September 19, 2008 10:28 AM
Louann Van Der Wiele is Vice President and Associate General
Counsel, Chrysler LLC.

Few defect allegations against
automakers have been more exhaustively investigated or more
completely debunked than claims of sudden, unintended
acceleration.
Just this month (9/3/08), the
National Highway Traffic Safety Administration (NHTSA) denied yet
another petition to investigate reports of unintended acceleration,
this time related to 2006 and 2007
Toyota
Tacoma pickups. One quote from the ruling says it
all:
" ... we [NHTSA] have been
unable to determine a throttle control related or any underlying
cause that gave rise to the complaint....In our view, additional
investigation is unlikely to result in a finding that a defect
related to motor vehicle safety exists with regard to the
Tacoma’s throttle control system ... "
Toyota argued all along that the
rise in complaints against the Tacoma was inspired by media
publicity, not any real defect with the vehicle. NHTSA's
decision not to investigate backs up this view - as does the entire
history of unintended acceleration claims, which dates back to the
1980s.
Remember the Audi
5000? Reports that the vehicle would suddenly accelerate
without warning were eventually chocked up to driver error - but
not before Audi's U.S. sales were devastated by a sensationalized
"60 Minutes" story.
Like most automakers, Chrysler has
not been immune from these baseless charges. Back in 2002, NHTSA
declined to open an investigation into allegations of sudden,
unintended acceleration incidents with the Jeep Cherokee and Grand
Cherokee. "It appears," NHTSA stated, "that the predominant
cause of sudden acceleration incidents involving the subject
vehicles has been pedal misapplication." In other
words: driver error.
Repeated examinations by NHTSA and
auto engineers have never identified any specific
defect in any vehicle that would lead to sudden, unintended
acceleration. Neither have the trial lawyers and their hired
experts; the best they can come up with is the Gremlin Theory that
some unidentified or unidentifiable force residing deeply inside
these vehicles must somehow be causing these incidents.

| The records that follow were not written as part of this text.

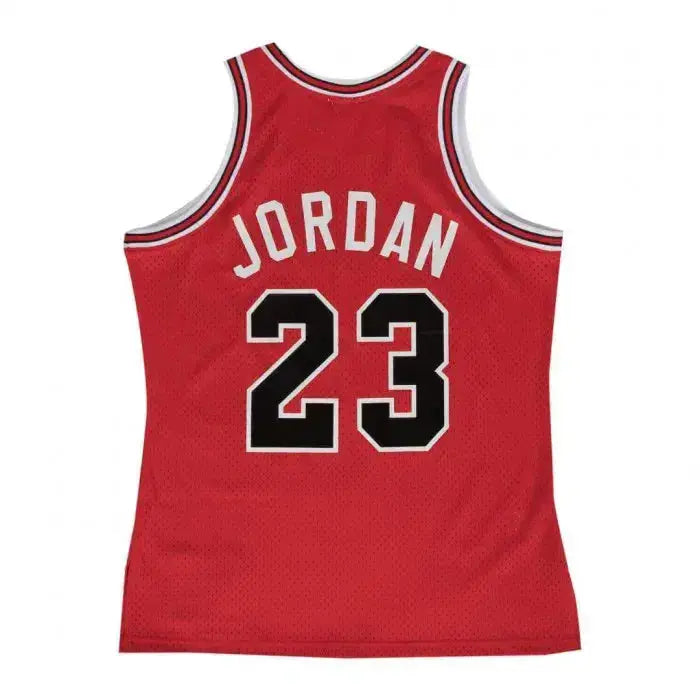 Maillot NBA Michael Jordan Chicago Bulls Rouge '84 Mitchell & Ness - Saison Rookie YamaBasketball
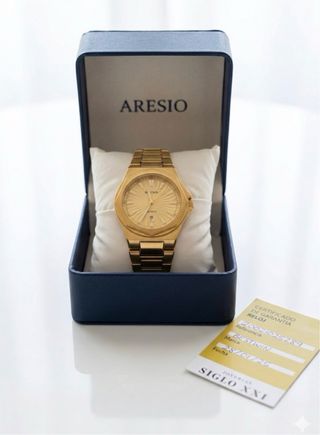 Reloj Siglo XXI Dorado betwin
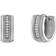 Esquire Huggie Earrings - Silver/Diamonds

NHTSA's report on the Jeep
Cherokee and Grand Cherokee, however, didn't stop the International
Carwash Association (ICA) from publishing false statements and
malicious accusations about the Jeep brand on its
website. Despite the fact that federal safety regulators
concluded there is zero evidence that Jeep vehicles experience
disproportionate incidents of sudden unintended acceleration claims
at car washes (or anywhere else), Chrysler had to file litigation
to compel the ICA to recant its false claims.

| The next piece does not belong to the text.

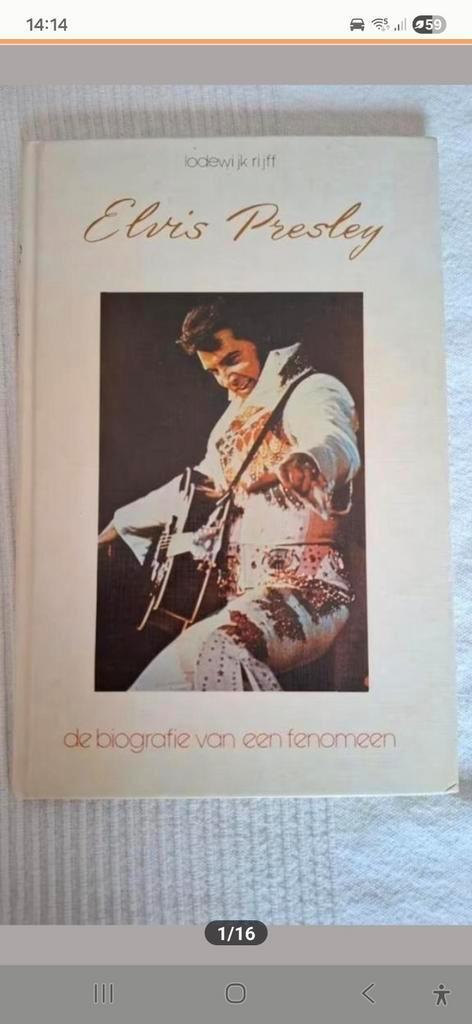 Elvis Presley Biografie fenomeen Lodewijk Rijff., Boeken, Biografieën, Zo goed als nieuw, Overige, Ophalen of Verzenden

Although lengthy and expensive,
that litigation eventually forced the ICA to remove its baseless
allegations from its website and publish a
"restatement" to
set the record straight. The facts that the ICA acknowledged
include:
The ICA's statements concerning Jeep vehicles and "sudden
unintended acceleration" were not supported by any statistical
analysis;
The ICA's statements concerning Jeep vehicles and "sudden
unintended acceleration" were not supported by any scientific study
or research;
The ICA did not perform an investigation regarding SUA incidents
reported by its members.
The ICA's "restatement" also
reported what automakers and federal safety regulators have long
known - namely that sudden, unintended acceleration is caused by
driver error, not any defect with the Jeep Cherokee or Grand
Cherokee (or the Tacoma, or the Audi 5000, or any other vehicle
falsely maligned).
As
the ICA wrote:
Some scientific studies and
research have concluded that a cause of "sudden unintended
acceleration" incidents is pedal misapplication by the
operator. The International Carwash Association believes that
the "We Care" safety practices - including placing the vehicle in
park and fully depressing the brake pedal and visually verifying
correct foot placement - are a car wash operator's best defense
against SUA incidents and can improve safety in the handling of all
vehicles.
NHTSA's ruling probably won't end all the claims against the
Toyota Tacoma. Indeed, false accusations against the Jeep
Cherokee and Grand Cherokee haven't stopped despite the ICA's
admission that their statements concerning Jeep vehicles were
not supported by any statistical analyses, scientific studies or
research. But hopefully getting these facts out to the public
will reduce the sensationalized reporting over these claims and
encourage reporters to demand more than the Gremlin Theory when the
next Tacoma or other vehicle target inevitably rolls around.